You can also download the query result in the CSV format by using the service Generate Download URL:

/api/analytics-query/generate-download-url?id=1052

The response body contains an Amazon S3 URL similar to the following:

https://...s3.eu-west-1.amazonaws.com/39779692-28b7-43fb-848c-21f8e748be81.csv?X-Amz-Security-Token=[...]&X-Amz-Algorithm=AWS4-HMAC-SHA256&X-Amz-Date=20210614T083206Z&X-Amz-SignedHeaders=host&X-Amz-Expires=599&X-Amz-Credential=[...]&X-Amz-Signature=[...]

2.6Space and Account Restriction

A query must always be executed in the context of an authenticated account. The results of the query will be limited to the spaces which are associated with that account. A query may be limited to one space or multiple spaces but all spaces must belong to the executing account. Queries in spaces which do not belong to the executing account will fail with a permission error.

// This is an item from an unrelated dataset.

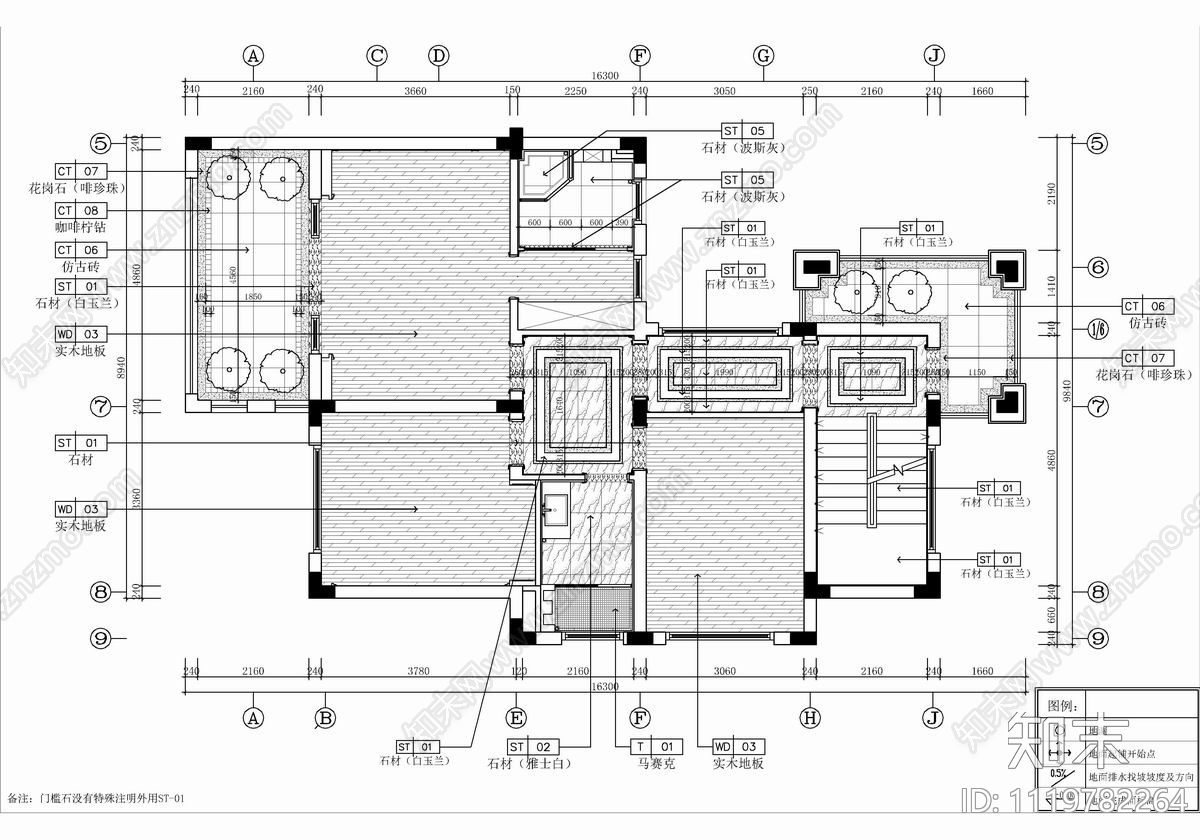 四层别墅CAD设计施工图cad施工图下载【ID:1119782264】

2.7Query Submission Idempotency

When submitting a query to Analytics you must specify either an External ID or a Maximal Cache Age to make the submission idempotent and prevent multiple submissions if multiple requests for the same query are received by the server. If both properties are specified in a request then the External ID will be preferred and the Maximal Cache Age ignored. If none is specified the request will fail with an error.

2.8External ID

The value of the externalId property is assigned by the client to a specific query to uniquely identify that query per account. If the server receives a query submission request for an account with an external ID which has already been used before for that account no new query will be submitted. Instead the query execution result of the original request with that ID will be returned. Note that the actual query in the request will be ignored in that case.

It is up to the client to generate the external IDs. Typical strategies are:

  • Generate a random UUID for each submission request (or some custom random ID with sufficient entropy to prevent collisions).

  • Keep a persistent counter which is atomically increased every time a query is submitted.

  • Store your queries in a database table with unique primary keys generated by the database and use these database keys for the external ID.

Note that the externalId cannot be used to later identify a previously submitted query!.

So you cannot use the external ID to request information about the status or fetch the results of a previously submitted query. Instead you will receive a query execution object as the response of a successfull submission (or resubmission) of a query. The ID of this execution object is used to identify the submitted query later on when requesting status information or fetching the result of the query.

2.9Maximal Cache Age

As an alternative to an External ID you can specify a maximal cache age (in minutes) using the maxCacheAge property (with a value of 1 or greater). When a query with a maximal cache age is submitted and an equivalent query (same query string, same executing account, same spaces) has been submitted not more than maxCacheAge minutes before, the query will not be resubmitted but instead the query execution result of the previously submitted query will be returned.

Note that the maximal cache age will be ignored if an external ID is specified in a request!